[What you need to do] Scan the records below for the line with "Woman in black" and the line with "Groom picks up". Repeat those two lines and every line between them exactly, and nothing else.

[Data for this exercise]
=======

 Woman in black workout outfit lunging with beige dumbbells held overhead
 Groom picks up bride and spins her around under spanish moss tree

=======

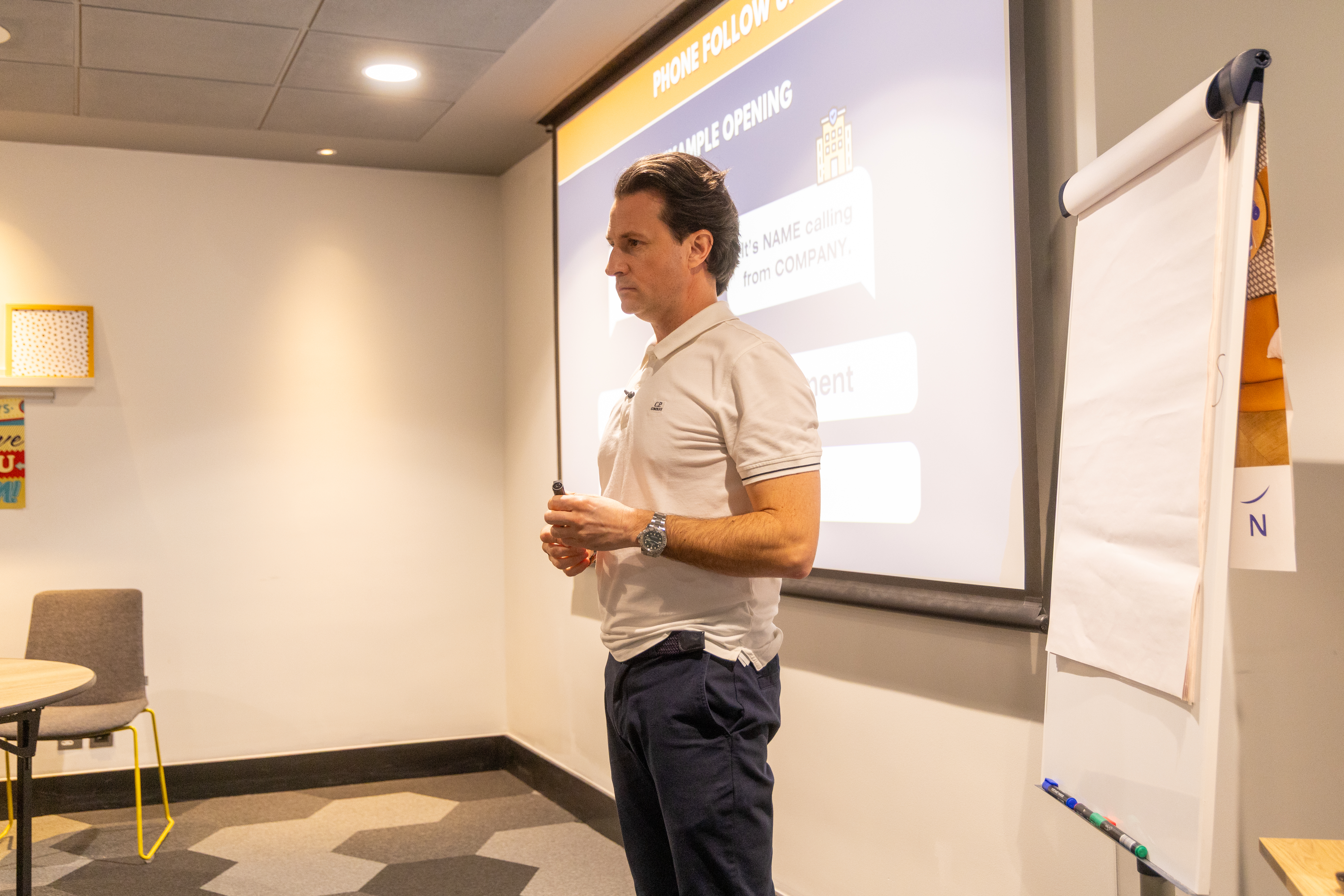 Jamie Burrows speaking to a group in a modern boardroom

=======

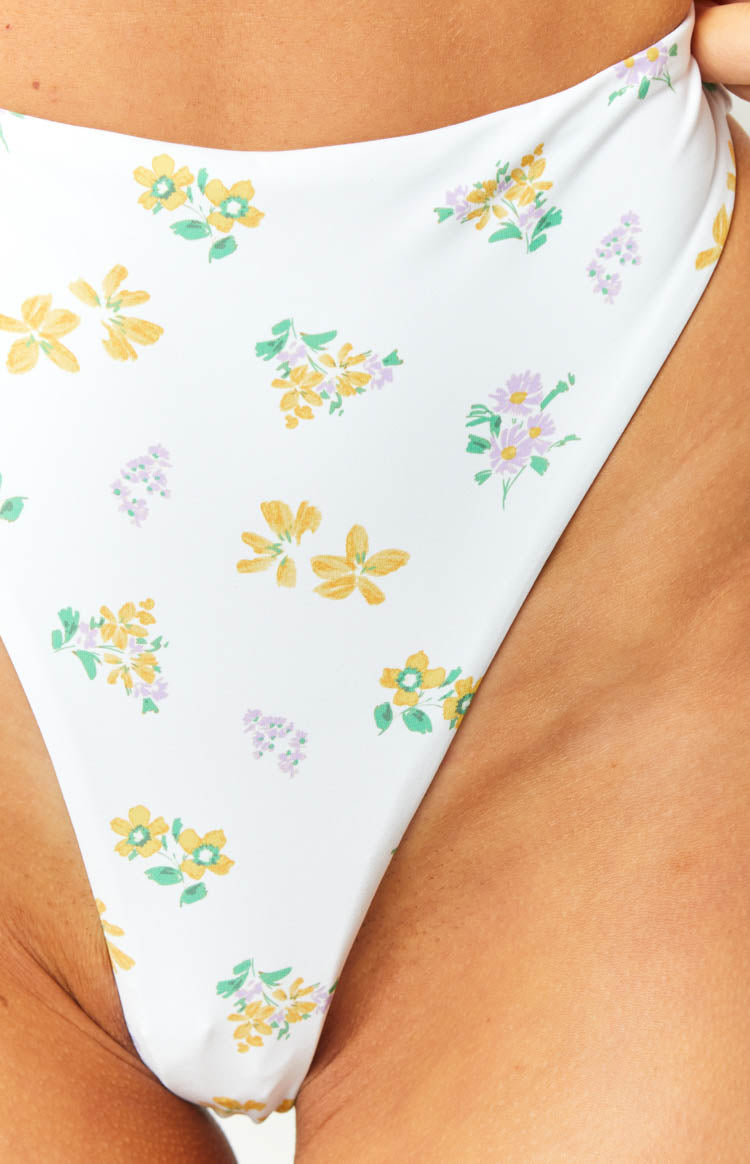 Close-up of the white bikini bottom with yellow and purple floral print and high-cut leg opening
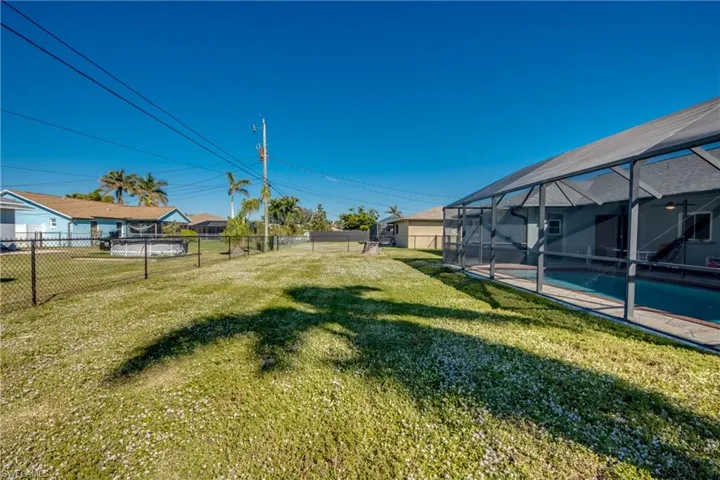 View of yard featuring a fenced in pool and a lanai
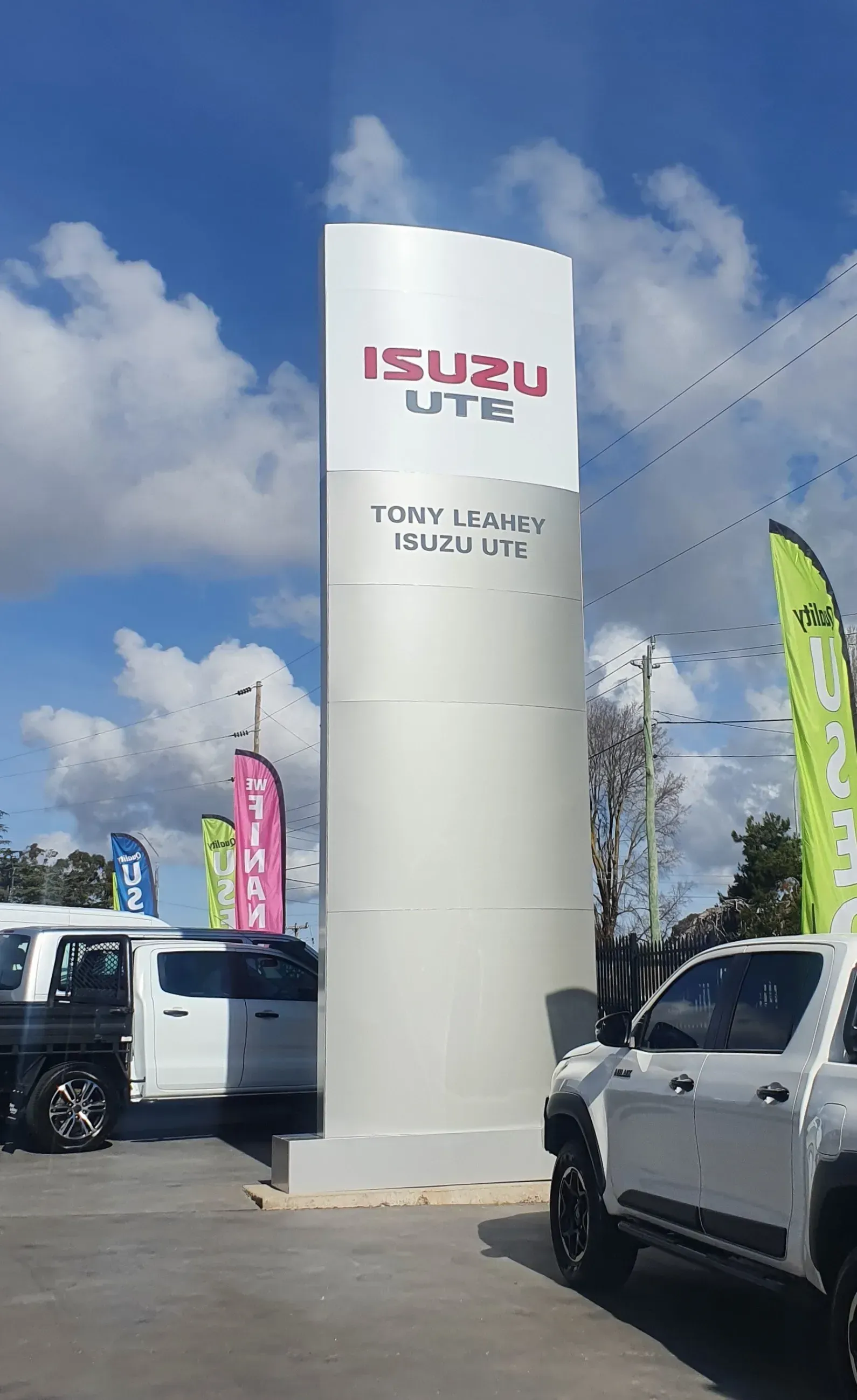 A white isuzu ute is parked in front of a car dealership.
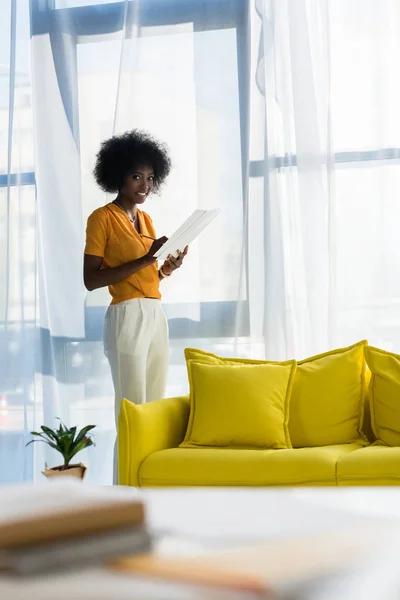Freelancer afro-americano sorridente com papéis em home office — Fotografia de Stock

=======

[Written answer]
 Woman in black workout outfit lunging with beige dumbbells held overhead
 Groom picks up bride and spins her around under spanish moss tree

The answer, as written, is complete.